Task inputs below:
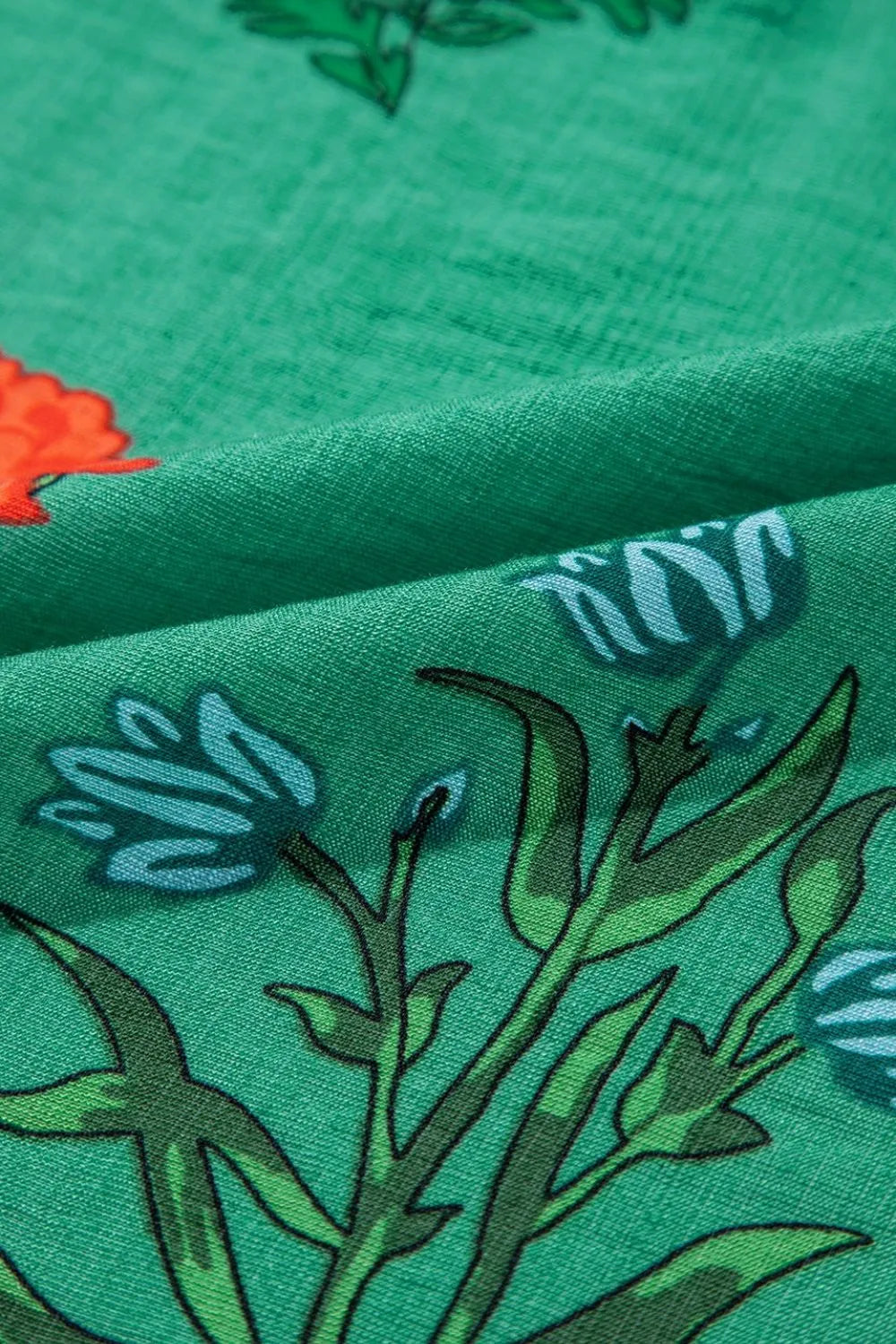 Floral Print Notched Short Sleeve Blouse 63a750b0-6fc6-4b30-9904-321ea8ede7ad-Max-Origin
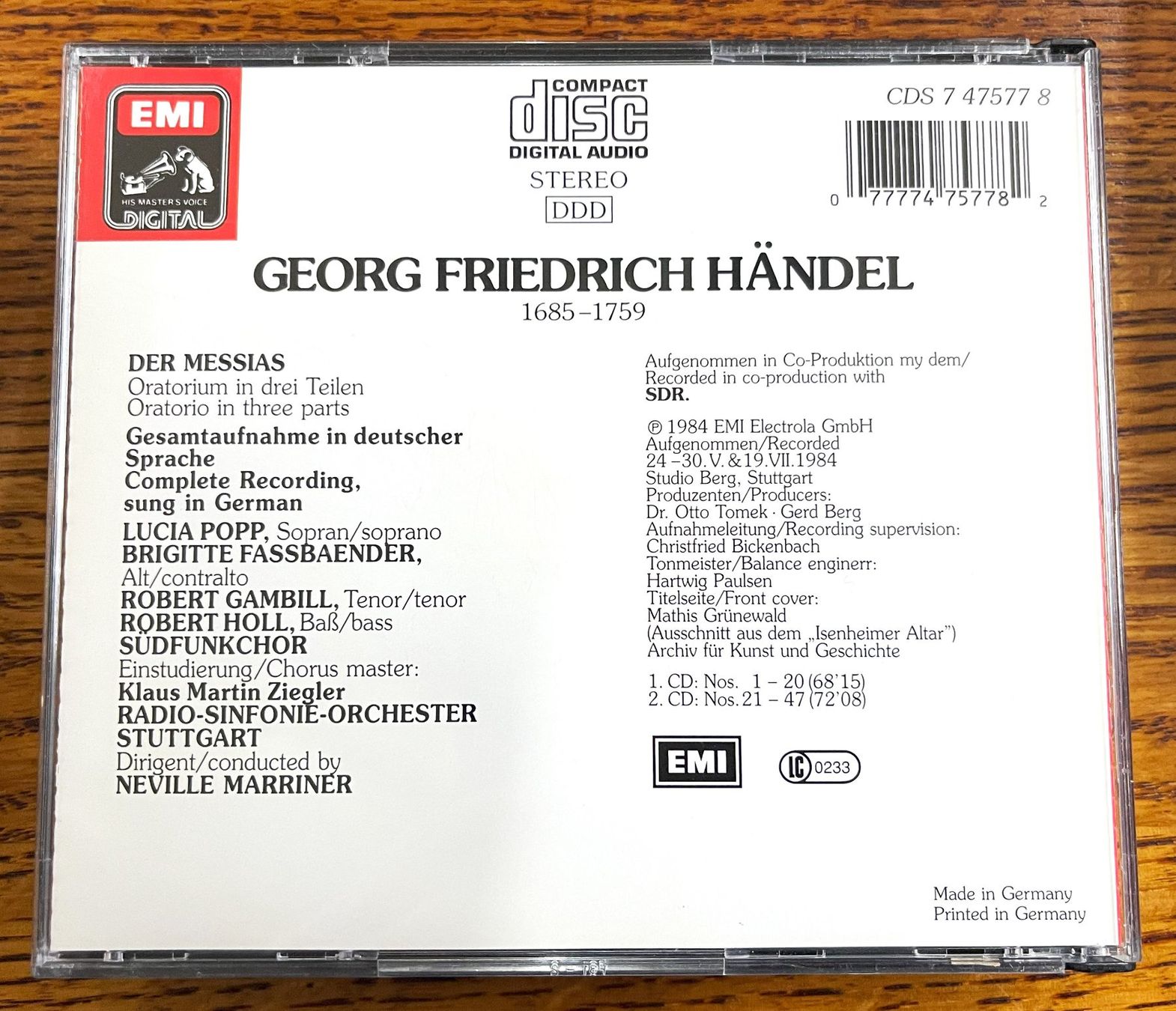 CD: 2CD Box - Der Messias - G.F. Händel – Usato da Oftringen venduto da Vucki 2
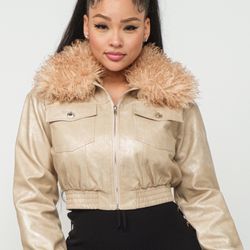Cream Faux Fur Collared Leather Jacket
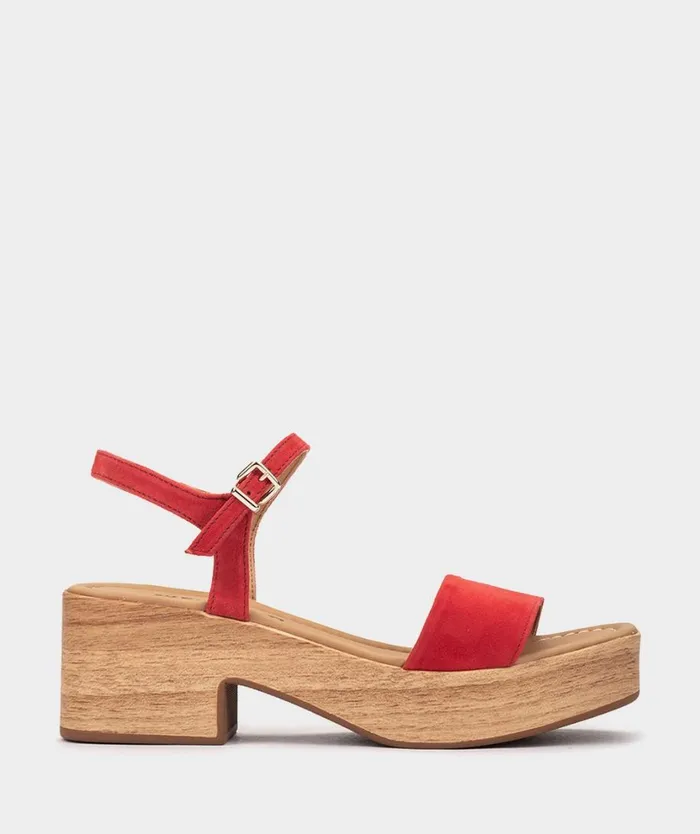 Pedro Miralles Heeled Sandals COVA Ante Rojo 8211 Woman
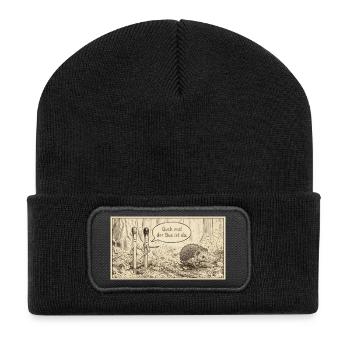 Bus im Wald: Igel trifft Streichholzduo - Recycelte Patch Beanie - Schwarz - Vorne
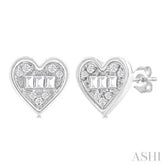 1/5 ctw Petite Bezel Set Heart Shape Fusion Baguette and Round Cut Diamond Fashion Stud Earring in 10K White Gold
End of Task inputs.
Task statement:
Above are the records; reproduce them exactly and leave out the pictures.

Task answer:
 Floral Print Notched Short Sleeve Blouse 63a750b0-6fc6-4b30-9904-321ea8ede7ad-Max-Origin
 CD: 2CD Box - Der Messias - G.F. Händel – Usato da Oftringen venduto da Vucki 2
Cream Faux Fur Collared Leather Jacket
 Pedro Miralles Heeled Sandals COVA Ante Rojo 8211 Woman
 Bus im Wald: Igel trifft Streichholzduo - Recycelte Patch Beanie - Schwarz - Vorne
 1/5 ctw Petite Bezel Set Heart Shape Fusion Baguette and Round Cut Diamond Fashion Stud Earring in 10K White Gold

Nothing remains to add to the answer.